Welch: When the glue doesn't stick, what else will do the trick?

My grandmother saved S&H Green Stamps. Everybody did. When stamp glue lost its efficacy, as it sometimes did, Grandmother got inventive.

My mother and I arrived at her house one day to see her using egg whites for stamp glue. She had several sheets of stamps and was filling multiple books. Mother wasn’t surprised at how she was sticking them to the pages. I was.

Online recipes tell how to make albumen glue. You beat the egg white, mix it with water and let it set over night. Was anybody doing that during the height of the COVID shutdown? Probably.

The year 2020 was an abbreviated golden age of reviving ancestral skills. Why buy Elmer’s if you’ve got egg whites? Why buy lettuce if you can eat that backyard weed? Online shopping flourished along with home and curbside delivery services, but pioneering types couldn’t help but try to mimic great-great-grandma. At least a little.

Someone should have invented a television show to let everybody know how to get by without shopping for life’s necessities. But COVID essentially caught everyone by surprise. Who had time to create such a show? And who would have sponsored it? Not Elmer’s glue.

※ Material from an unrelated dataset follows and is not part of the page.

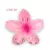 Imagem do Presilha Para Cabelo Flor Pinterest - 06 cm.
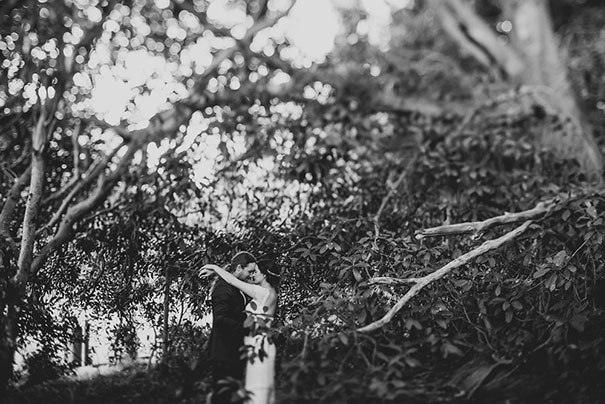 mereki-nick-print-887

Speaking of stamps, I made my own COVID postage scale. If you have stamps on hand but no ordinary postage scale and you don’t want to go inside the post office, it works.

Instructions: Drill a little hole in the vertical edge of a door (not the hinged edge) to accommodate a nail. Cut a notch for exact midpoint placement of a long balance to set on that nail. Attach matching plastic bags to either end of the balance. Use coins as counterweights for whatever you’re weighing. Coin weights are posted online. Pennies seem to be a moving target. No matter what, be ready to convert grams to ounces.

I probably wrote about my postage scale previously. Sorry. Yes, I still have it – my very own COVID relic.

If you’re still reading, that online egg glue recipe says you can add crushed shells to turn the glue into a paste.

Either way, it’s our sticky backyard pecan tree aphids that inspired me to think about homemade glue.

An online search for “aphid glue” led me to an abstract (love those abstracts) of a scientific paper by William A. Foster. It says post-reproductive aphids turn into “glue-packed warriors” in order to defend their colonies. Hurrah! Too seldom does such colorful language appear in typically boring scholarly papers – even in the abstracts.

I still hate those aphids, but Foster has given me some respect for the enemy. They’re just defending themselves.

If you have aphids in your pecan trees, you know how much stickiness they can deposit under the trees they inhabit, especially when branches are directly above a parking spot.

Aphid glue should be imminently marketable. It’s natural, very tacky, water soluble and GMO-free. If you figure out how to collect it, let me know. Till then, I’m sticking to egg whites.